§ WHAT IS NEEDED: Print, with no pictures, the exact lines that run from the one containing "Carlisle Brass Satin" through the last line of the material below, both ends included.

§ COLLECTED DATA:
*** Block opens ***
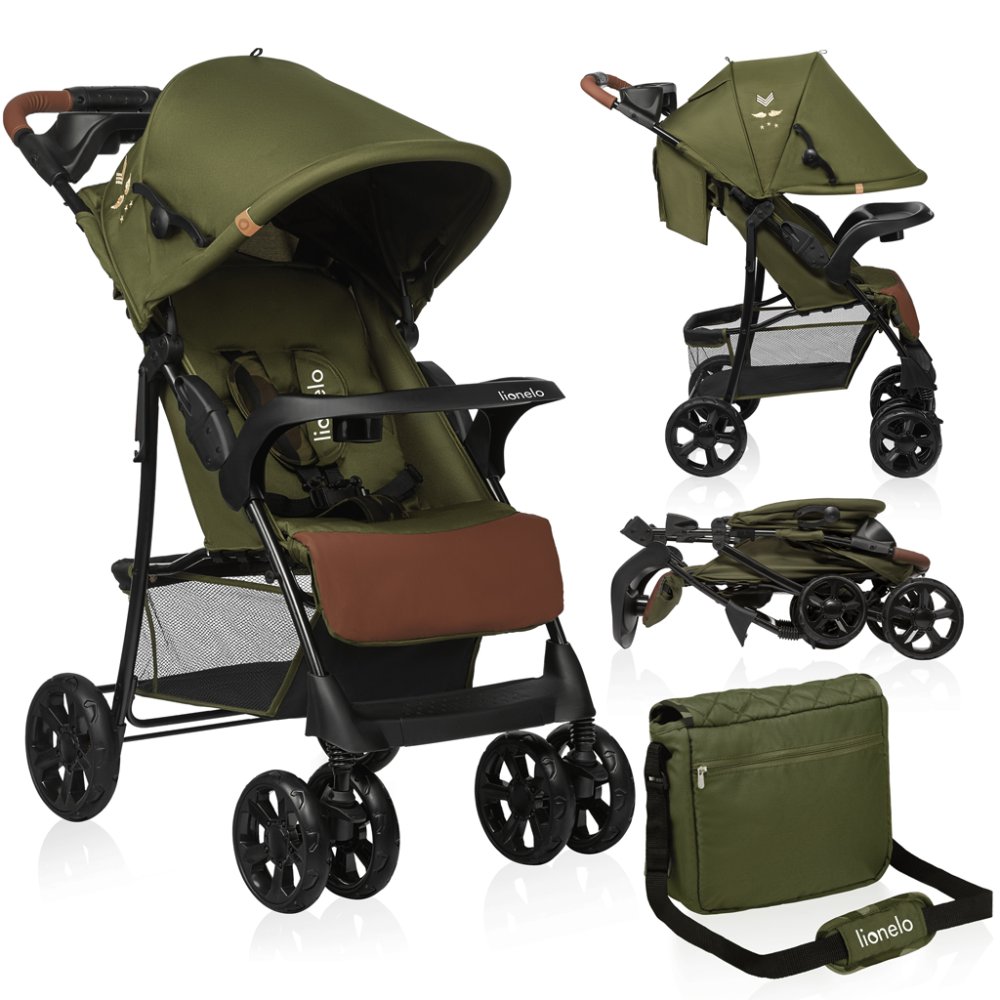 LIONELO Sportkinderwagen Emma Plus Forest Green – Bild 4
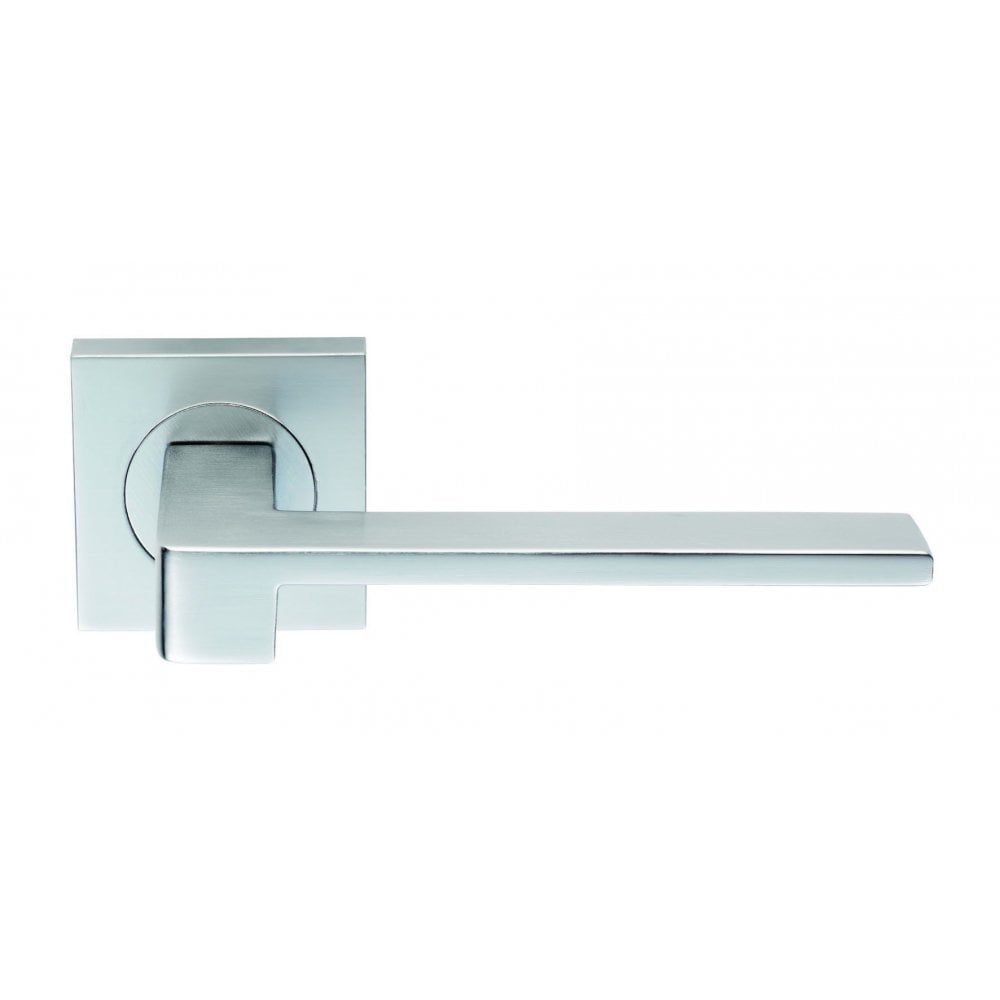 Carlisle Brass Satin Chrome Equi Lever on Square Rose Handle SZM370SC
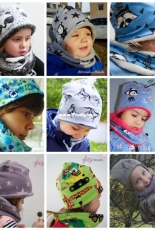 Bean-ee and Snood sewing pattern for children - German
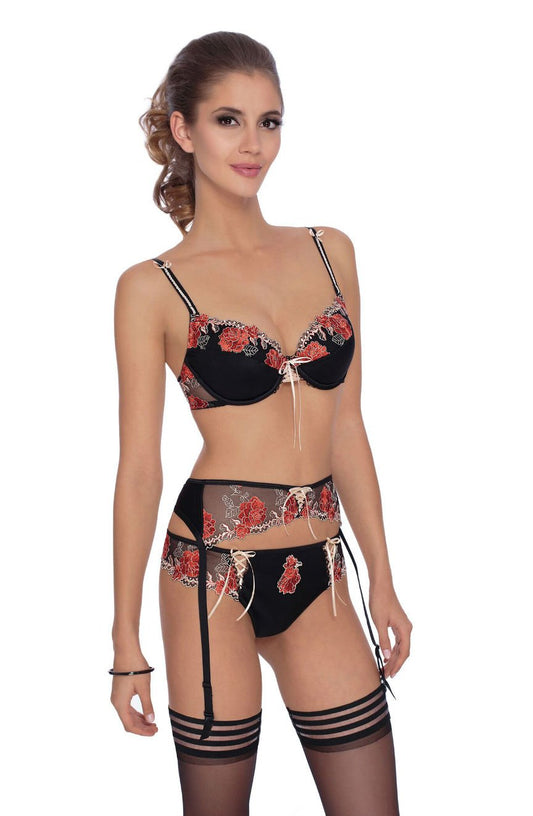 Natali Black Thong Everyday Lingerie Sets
*** Block closes ***
§ YOUR SOLUTION:
 Carlisle Brass Satin Chrome Equi Lever on Square Rose Handle SZM370SC
 Bean-ee and Snood sewing pattern for children - German
 Natali Black Thong Everyday Lingerie Sets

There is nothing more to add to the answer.